I am relatively new to the Java language and am working on a
communications API. This API will read and write to streams derived
from a socket. Naturally, there is the possibility that a socket
failure could occur. My API internally catches exceptions of type
IOException because this needs to change the state of my network
object. However, I also need to propogate the error back out to the
calling application.
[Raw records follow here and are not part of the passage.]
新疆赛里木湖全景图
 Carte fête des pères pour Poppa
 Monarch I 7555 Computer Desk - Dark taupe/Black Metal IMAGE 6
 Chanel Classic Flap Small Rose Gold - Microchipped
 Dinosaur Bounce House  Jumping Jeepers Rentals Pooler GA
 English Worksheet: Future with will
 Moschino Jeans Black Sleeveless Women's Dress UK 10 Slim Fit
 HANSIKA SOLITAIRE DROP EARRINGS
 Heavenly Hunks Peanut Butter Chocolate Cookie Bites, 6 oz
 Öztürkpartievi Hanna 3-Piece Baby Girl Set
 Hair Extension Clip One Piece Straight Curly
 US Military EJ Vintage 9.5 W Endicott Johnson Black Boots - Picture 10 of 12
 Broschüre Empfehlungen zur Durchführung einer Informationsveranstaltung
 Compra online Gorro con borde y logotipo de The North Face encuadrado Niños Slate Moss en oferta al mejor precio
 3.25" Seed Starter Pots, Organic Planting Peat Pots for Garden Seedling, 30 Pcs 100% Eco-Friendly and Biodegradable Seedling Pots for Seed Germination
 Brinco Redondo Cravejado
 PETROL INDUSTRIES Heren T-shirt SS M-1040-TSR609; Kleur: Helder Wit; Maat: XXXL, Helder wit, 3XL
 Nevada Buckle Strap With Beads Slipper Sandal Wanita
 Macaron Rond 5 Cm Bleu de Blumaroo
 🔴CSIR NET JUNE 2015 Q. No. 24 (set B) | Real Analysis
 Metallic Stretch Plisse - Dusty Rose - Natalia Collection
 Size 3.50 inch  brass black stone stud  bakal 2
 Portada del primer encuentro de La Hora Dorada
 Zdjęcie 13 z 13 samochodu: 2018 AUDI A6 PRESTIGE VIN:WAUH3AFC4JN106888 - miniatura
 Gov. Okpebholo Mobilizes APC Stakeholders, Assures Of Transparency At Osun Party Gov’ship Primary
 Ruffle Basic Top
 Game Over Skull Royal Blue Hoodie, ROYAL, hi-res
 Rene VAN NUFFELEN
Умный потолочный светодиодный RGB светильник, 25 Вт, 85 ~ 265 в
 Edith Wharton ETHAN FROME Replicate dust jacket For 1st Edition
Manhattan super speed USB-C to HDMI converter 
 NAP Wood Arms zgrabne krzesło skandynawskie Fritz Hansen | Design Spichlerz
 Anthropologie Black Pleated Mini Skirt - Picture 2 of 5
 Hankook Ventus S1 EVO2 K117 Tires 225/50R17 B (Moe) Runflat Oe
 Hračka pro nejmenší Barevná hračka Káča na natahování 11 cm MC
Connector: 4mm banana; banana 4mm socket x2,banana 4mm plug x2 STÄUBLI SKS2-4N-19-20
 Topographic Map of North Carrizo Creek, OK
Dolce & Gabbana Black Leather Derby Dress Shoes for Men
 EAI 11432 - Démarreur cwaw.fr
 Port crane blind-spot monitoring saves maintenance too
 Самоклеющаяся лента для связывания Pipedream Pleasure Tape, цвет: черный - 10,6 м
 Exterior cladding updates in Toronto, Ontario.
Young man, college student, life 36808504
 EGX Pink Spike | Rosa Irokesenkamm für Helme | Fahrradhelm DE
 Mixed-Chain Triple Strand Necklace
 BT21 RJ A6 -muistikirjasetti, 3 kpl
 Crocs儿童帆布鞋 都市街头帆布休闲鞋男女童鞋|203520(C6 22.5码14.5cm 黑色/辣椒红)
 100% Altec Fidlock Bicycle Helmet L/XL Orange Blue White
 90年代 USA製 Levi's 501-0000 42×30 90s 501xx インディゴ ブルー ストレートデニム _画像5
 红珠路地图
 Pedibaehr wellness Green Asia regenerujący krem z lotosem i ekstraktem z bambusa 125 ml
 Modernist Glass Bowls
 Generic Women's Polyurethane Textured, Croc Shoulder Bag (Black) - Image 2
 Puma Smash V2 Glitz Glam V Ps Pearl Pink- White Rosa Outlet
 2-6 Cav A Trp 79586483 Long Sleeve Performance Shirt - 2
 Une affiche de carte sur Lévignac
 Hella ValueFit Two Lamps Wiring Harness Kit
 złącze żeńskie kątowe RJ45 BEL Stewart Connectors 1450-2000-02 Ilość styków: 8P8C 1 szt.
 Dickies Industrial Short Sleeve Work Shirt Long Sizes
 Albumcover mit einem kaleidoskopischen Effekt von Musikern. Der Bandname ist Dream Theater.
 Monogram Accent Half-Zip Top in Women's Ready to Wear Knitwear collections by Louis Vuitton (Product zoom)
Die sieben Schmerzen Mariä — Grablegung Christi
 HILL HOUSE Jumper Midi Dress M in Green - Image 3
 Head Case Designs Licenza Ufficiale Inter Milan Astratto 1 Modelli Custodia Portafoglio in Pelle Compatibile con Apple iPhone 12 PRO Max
I am currently attempting to do so as shown
below:

try
{
...
}
catch(IOException e)
{
// do my own processing here
throw e;
}

My question is whether this is an appropriate use of exceptions and
whether it will have the intended consequences of propogating the
exception to the application?

Regards,

Jon Trauntvein
 
C

Christopher Benson-Manica

(I am not a guru, but...)
try
{
...
}
catch(IOException e)
{
// do my own processing here
throw e;
}
My question is whether this is an appropriate use of exceptions and
whether it will have the intended consequences of propogating the
exception to the application?

Yes, IME it's common to re-throw exceptions in this manner, and it
will do what you intend.
 
T

Thomas Fritsch

Jon said:
I am relatively new to the Java language and am working on a
communications API. This API will read and write to streams derived
from a socket. Naturally, there is the possibility that a socket
failure could occur. My API internally catches exceptions of type
IOException because this needs to change the state of my network
object. However, I also need to propogate the error back out to the
calling application. I am currently attempting to do so as shown
below:

try
{
...
}
catch(IOException e)
{
// do my own processing here
throw e;
}

My question is whether this is an appropriate use of exceptions and
whether it will have the intended consequences of propogating the
exception to the application?
Your approach is OK as long as your try/catch is inside a method which
is declared with "throws IOException".

Another approach (which is possible since Java 1.4) is to wrap the
caught IOException into your own Exception object like below:

void yourMethod(...) throws YourException
{
try
{
...
}
catch(IOException e)
{
// do my own processing here
YourException e2 = new YourException("...");
e2.initCause(e);
throw e2;
}
}

See also the API docs of Throwable#initCause and Throwable#printStackTrace.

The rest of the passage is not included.